At age 24, Wilkins already stands in the vanguard of contemporary jazz with his bandmates by his side: Kweku Sumbry on drums, Daryl Johns on bass and Micah Thomas on piano. He’s a singular composer and bandleader straddling worlds of style, accessible as Braxton Cook and intellectually omnivorous as Jason Moran – the piano polymath who served as Wilkins’ mentor while he studied at Julliard and navigated the New York scene from 2015 to 2019. Moran produced the quartet’s 2020 debut Omega, which reflected on the horrors of anti-Black violence and the possibility of hope, stressing the band’s elastic prowess. Now we find Wilkins tumbling through a whole kaleidoscope of new concepts on The 7th Hand in 2022.

He draws inspiration from dance, literature, Bible tales, painting, fashion, film, as well as musical traditions across time and oceans. First, see Cauleen Smith’s understated video for the opening movements, “Emanation/Don’t Break,” (below) featuring family, fishing, braiding, kite-flying, and lovable double-dutch. Second, work backwards to Wilkin’s “DRAFT BOARD ON BLACK FOOTWORK” because don’t break means don’t break the dance, keep the trance, prayers and dances overlapping. Note the stunning photos by Satchel Lee, Wilkins on the cover in the gloved hands of Lana Turner. Then, turn to the record.

Wilkins composed The 7th Hand over several years even before the Omega release, focusing “moments on the bandstand where I felt like I wasn’t the one in control.” If six hands represent the whole of human power, as in a story from Ezekiel he had studied, the seventh represents the added force of divine intervention. He explored spiritual practices that “center the drum and dance” in Africa’s diaspora, framing a “preparatory piece for my quartet to become vessels by the end.” The result is a thundering seven-movement suite that gradually gives the four total, unfiltered power, carrying them from thorough, lyrical compositions to complete freedom: the culminating “Lift,” a suite itself at twenty-six minutes, features only one written note.

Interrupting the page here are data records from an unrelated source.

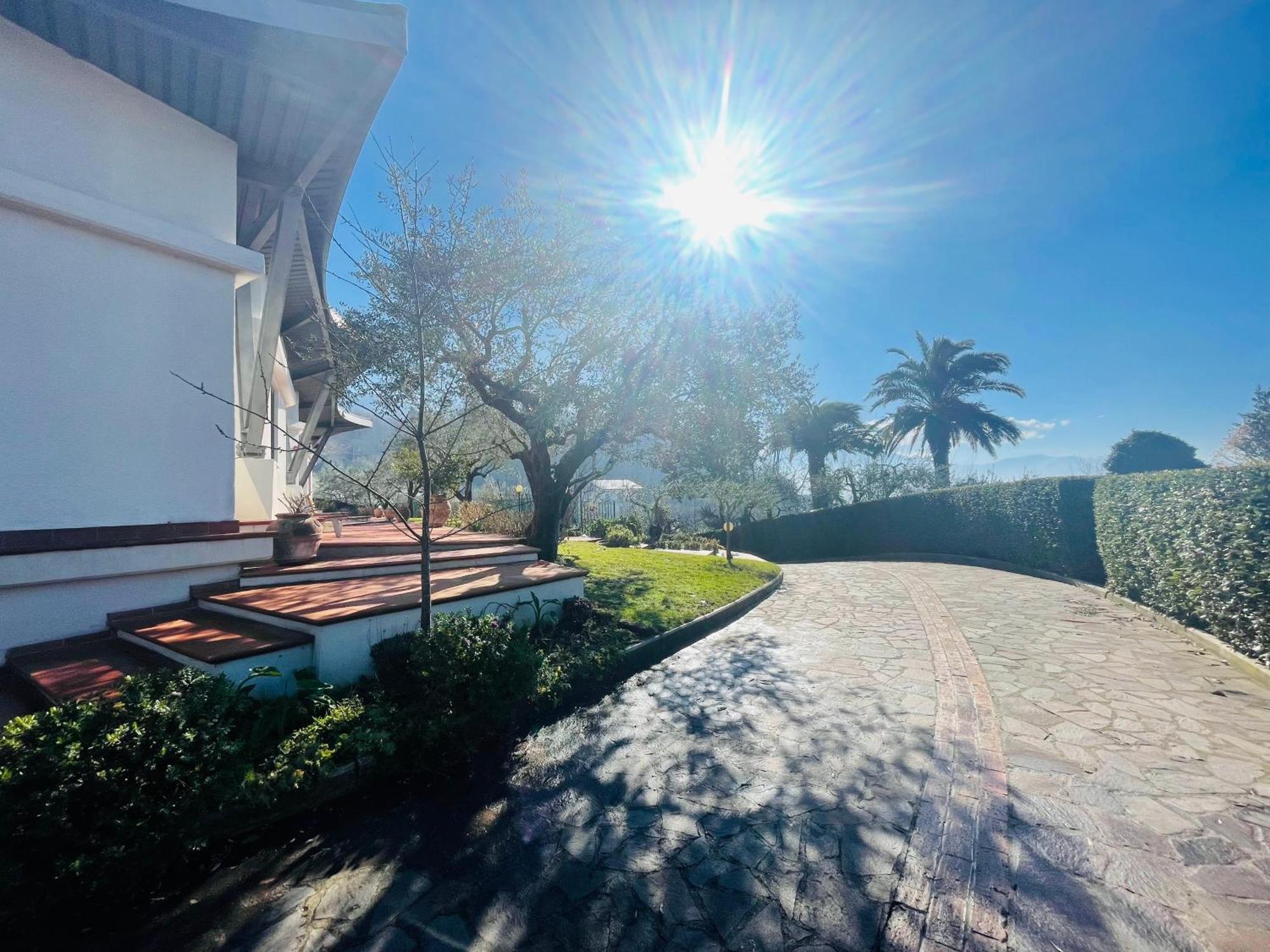 Villa Mandetta B&B Santo Stefano del Sole Εξωτερικό φωτογραφία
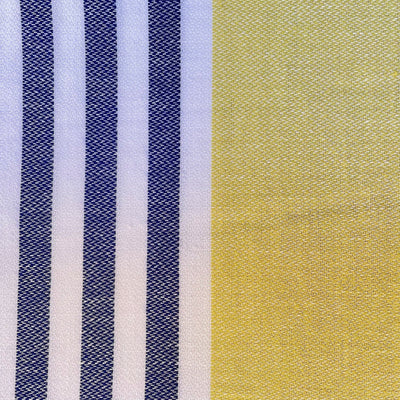 PEAR NAVY BAR STRIPES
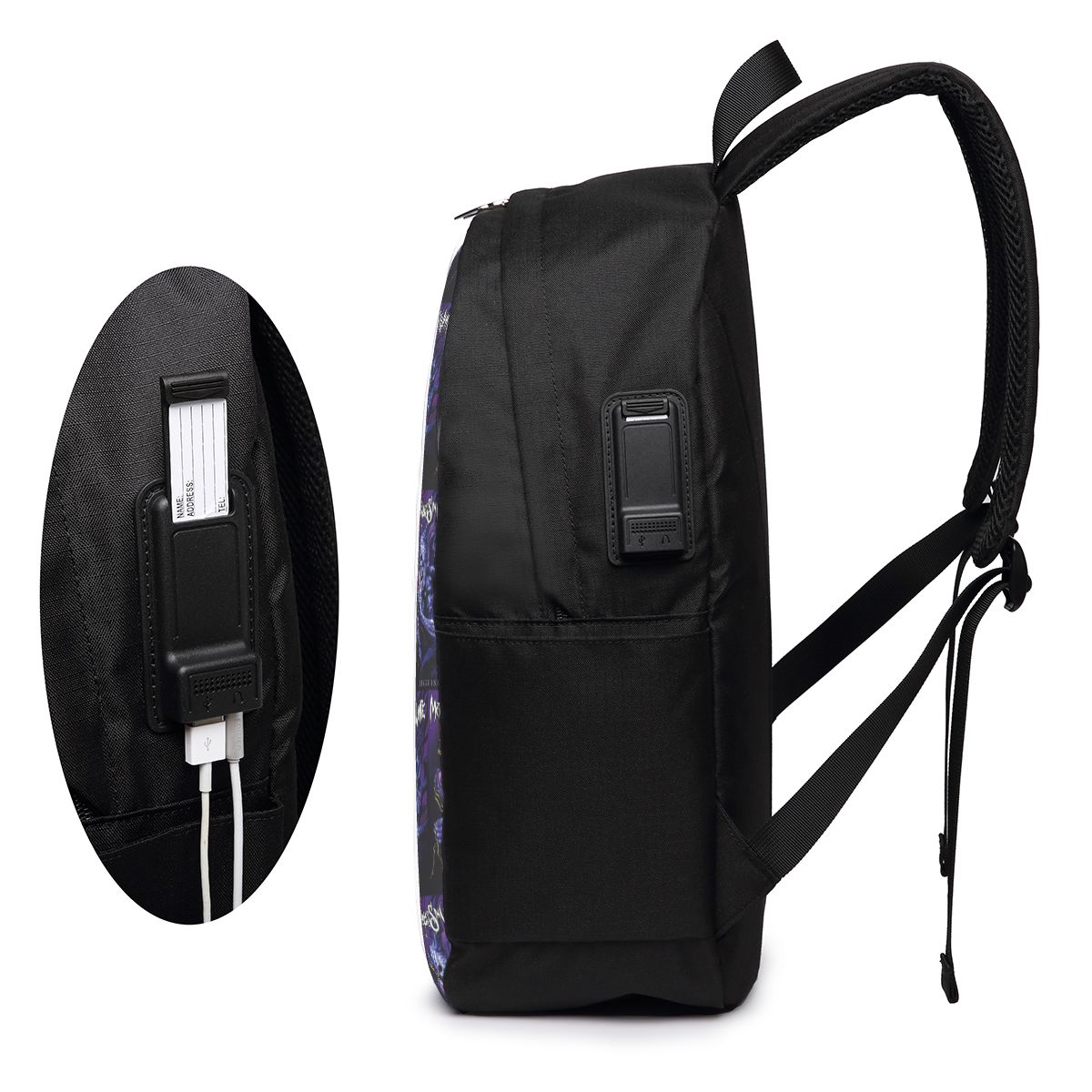 Motionless In White Backpack T - Women Bags For Women ulasan dan harga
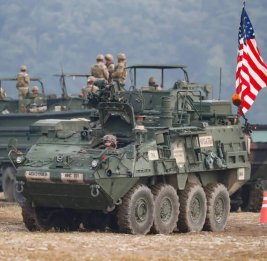 
США внезапно отменили отправку войск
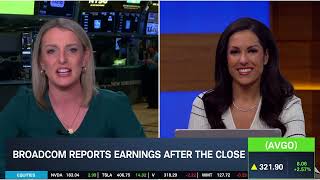 AVGO Earnings in Focus After NVDA Report & Broadcom Options Trade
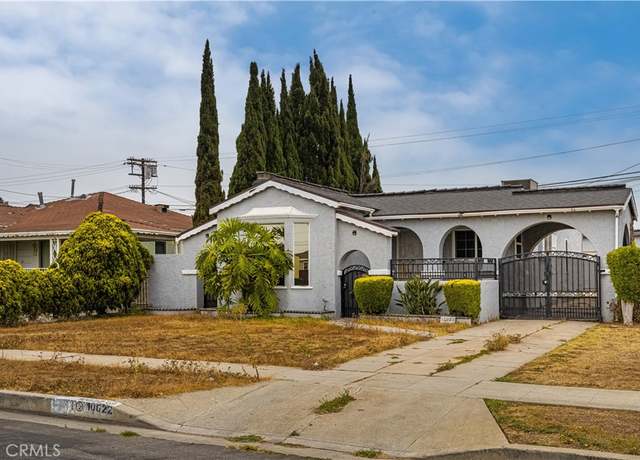 Property at 10022 S Manhattan Pl, Los Angeles, CA 90047, 3 beds, 1 bath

The first three movements feel familiar, before “Shadow” swings the band somewhere unseen. “Emanation” sounds most like Omega, ringing and alert, reintroducing the band’s bright cunning with melody and improvisation alike. But “Don’t Break” turns totally new for them, dancing through hypnotic love, buoyed by the slap of hand drums that soon take center stage. Farafina Kan Percussion Ensemble features brilliantly, including Sumbry on djembe and Camden’s Jamal Dickerson on doundounba – Wilkins cites his friend Sumbry’s dedication to West African drumming traditions as a catalyst for the quartet’s conceptual development, and their brotherhood shines. For me, “Fugitive Ritual, Selah” presses hardest on the heart, like a second chapter to “The Dreamer” from Omega, whose melody has held onto me now more than a year. Both arrive third, both begin with diatonic, totally lyrical improvisations by Johns, (I’d love a solo record from him) with a gospel sway they sweep through saxophone lines like lullaby, unhurried toward a restful close. Listen close for Sumbry’s fingertips and Wilkins’ breath. Improv aside, here is Wilkins’ composing at its clearest: measured melodies with piano and alto in duet or pensive unison, discursive forms, harmony stenciled from R&B and gospel standards, cool, and nudged by tender modulations only once in a while.

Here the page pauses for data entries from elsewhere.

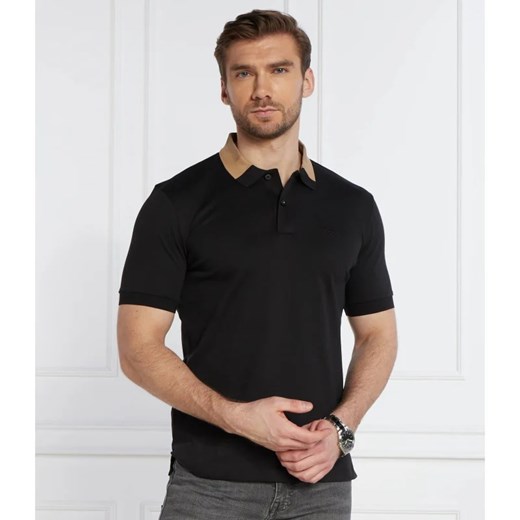 T-shirt męski BOSS HUGO wiosenny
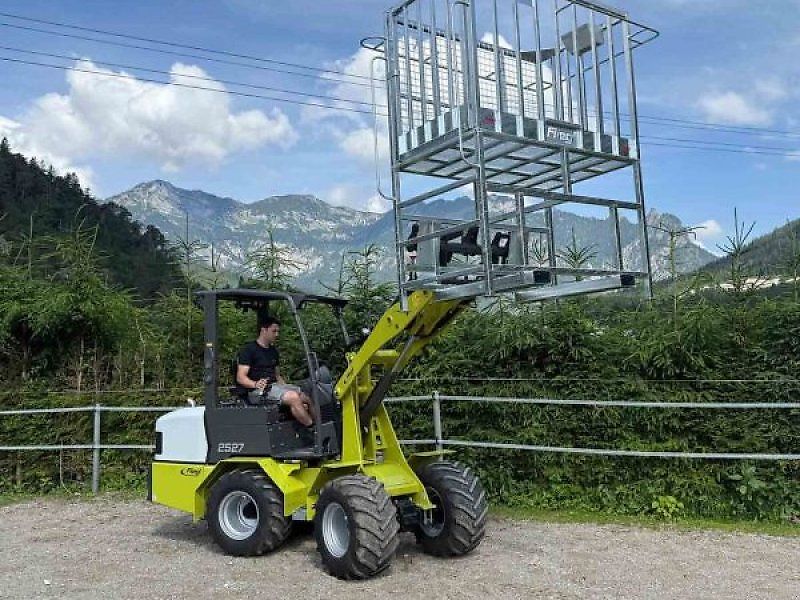 Fliegl ABHFLI000005V ARBEITSBÜHNE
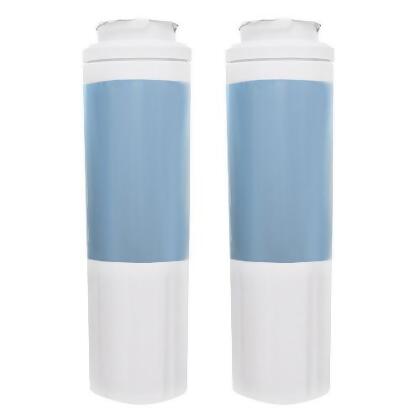 Replacement Water Filter for KitchenAid UKF8001 / WF295 Models (2 Pack) 
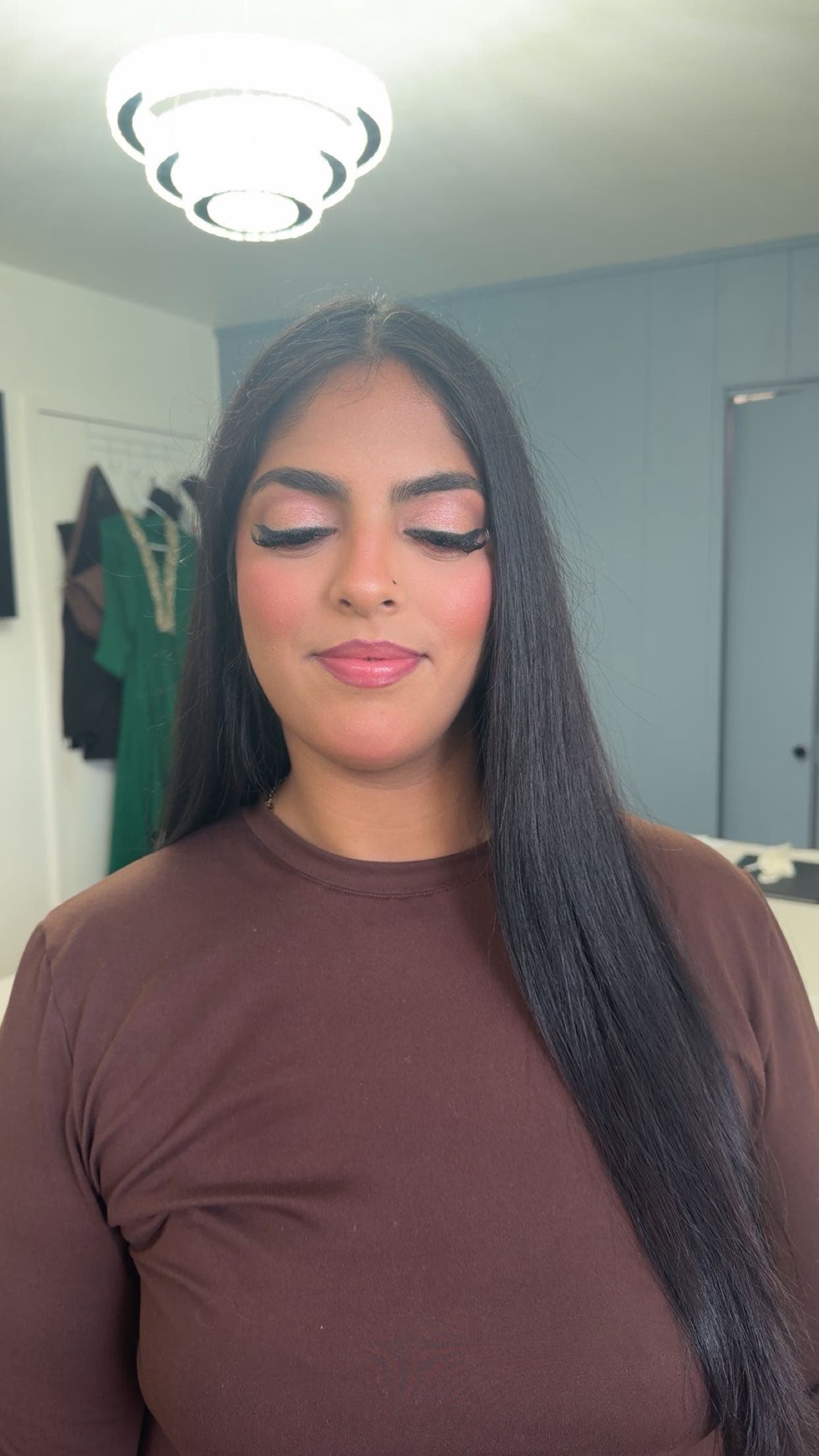 Khanbeautybar portfolio 2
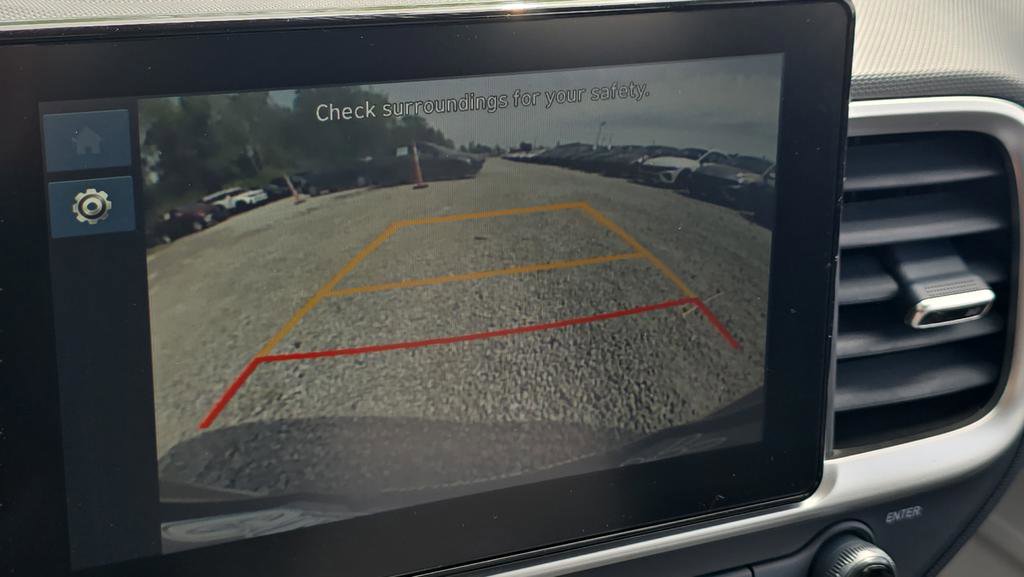 New 2026 Hyundai Venue SEL FWD image 19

Immanuel Wilkins | photo by Constance Mensh for Ars Nova | courtesy of the artist

In fact, my favorite movements at PhilaMOCA were the coolest, with the least improvisation – “Don’t Break,” “Fugitive Ritual, Selah” and “Witness,” where flutist Elena Pinderhughes traces twisted harmonies, dark like Hindemith or Maria Schneider. Still, I have to respect the group’s extended improvisations, which center their mission of vesselhood on “Lighthouse” and “Lift” most of all. Although I’m less familiar with this style and sometimes felt lost at the PhilaMOCA premiere, I could see that this is where the band derives their motivation. Sumbry with inspiring firestorm, Wilkins ever devoted to Coltrane and Ornette Coleman, grunting between saxophone runs like he’s throwing a punch, but perhaps most of all the inexhaustible Thomas with his bombastic Monk-isms, unafraid to throw his elbows on the keys.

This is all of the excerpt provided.